Trump’s anti-immigration stance threatens the heart of American innovation - hardtke
http://www.theverge.com/2016/11/11/13594172/donald-trump-immigration-silicon-valley-innovation-h1b-visas
======
jrnichols
"Trump is now casting a shadow over the tech industry’s use of high-skilled
foreign labor. "

Yet another rabidly anti-Trump article from Vox media. No surprise. But
really? "high-skilled?" One of the biggest complaints I hear from the tech
industry is about rampant abuse of the H1B visa program and (in many cases)
the _low_ quality of work it continues to bring in!

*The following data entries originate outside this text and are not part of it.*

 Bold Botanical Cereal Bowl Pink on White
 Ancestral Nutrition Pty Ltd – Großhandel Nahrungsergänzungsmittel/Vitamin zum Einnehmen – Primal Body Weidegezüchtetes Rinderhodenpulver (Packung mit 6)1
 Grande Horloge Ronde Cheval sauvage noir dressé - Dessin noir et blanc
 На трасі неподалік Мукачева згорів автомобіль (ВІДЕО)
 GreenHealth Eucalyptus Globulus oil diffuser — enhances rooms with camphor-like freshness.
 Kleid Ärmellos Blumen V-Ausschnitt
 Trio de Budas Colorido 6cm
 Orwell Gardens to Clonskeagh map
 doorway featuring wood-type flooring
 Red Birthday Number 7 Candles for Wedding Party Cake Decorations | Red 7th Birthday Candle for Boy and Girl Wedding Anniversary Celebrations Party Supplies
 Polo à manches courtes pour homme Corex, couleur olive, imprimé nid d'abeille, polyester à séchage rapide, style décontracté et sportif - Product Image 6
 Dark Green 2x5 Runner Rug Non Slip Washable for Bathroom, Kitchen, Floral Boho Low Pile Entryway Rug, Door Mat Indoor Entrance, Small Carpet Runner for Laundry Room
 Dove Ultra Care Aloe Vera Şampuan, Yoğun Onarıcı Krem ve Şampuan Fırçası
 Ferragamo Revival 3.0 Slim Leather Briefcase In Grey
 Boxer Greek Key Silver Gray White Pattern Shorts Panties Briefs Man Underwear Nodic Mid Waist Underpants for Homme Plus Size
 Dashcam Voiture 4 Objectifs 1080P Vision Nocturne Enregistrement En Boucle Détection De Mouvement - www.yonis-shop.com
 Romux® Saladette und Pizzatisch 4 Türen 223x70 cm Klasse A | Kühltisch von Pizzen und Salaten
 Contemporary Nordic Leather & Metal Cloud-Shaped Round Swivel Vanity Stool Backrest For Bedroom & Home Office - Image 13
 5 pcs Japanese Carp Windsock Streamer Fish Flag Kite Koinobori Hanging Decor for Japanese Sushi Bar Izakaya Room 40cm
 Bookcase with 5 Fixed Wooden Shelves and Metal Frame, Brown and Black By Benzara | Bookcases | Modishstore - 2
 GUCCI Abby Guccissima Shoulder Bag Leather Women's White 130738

"it’s uncertain whether he’ll heed the advice of Facebook CEO Mark Zuckerberg
and others to allow more foreign-born computer scientists and software
engineers to fill US jobs."

How is this a bad thing? Is there a huge problem with trying to fill those
jobs with American scientists and engineers first?

"and that tech companies will “have to go through more hoops to prove there’s
not an American that can get the job.”"

Again, can someone explain why this is such a huge problem?

"The CEO of Google, Sundar Pichai, is an immigrant. As are Google co-founder
Sergey Brin and Microsoft chief Satya Nadella."

Yes, but were they H1B hires? I don't think so.

------
PaulHoule
When has anybody in SV shared a tear over problems anywhere else in the
country?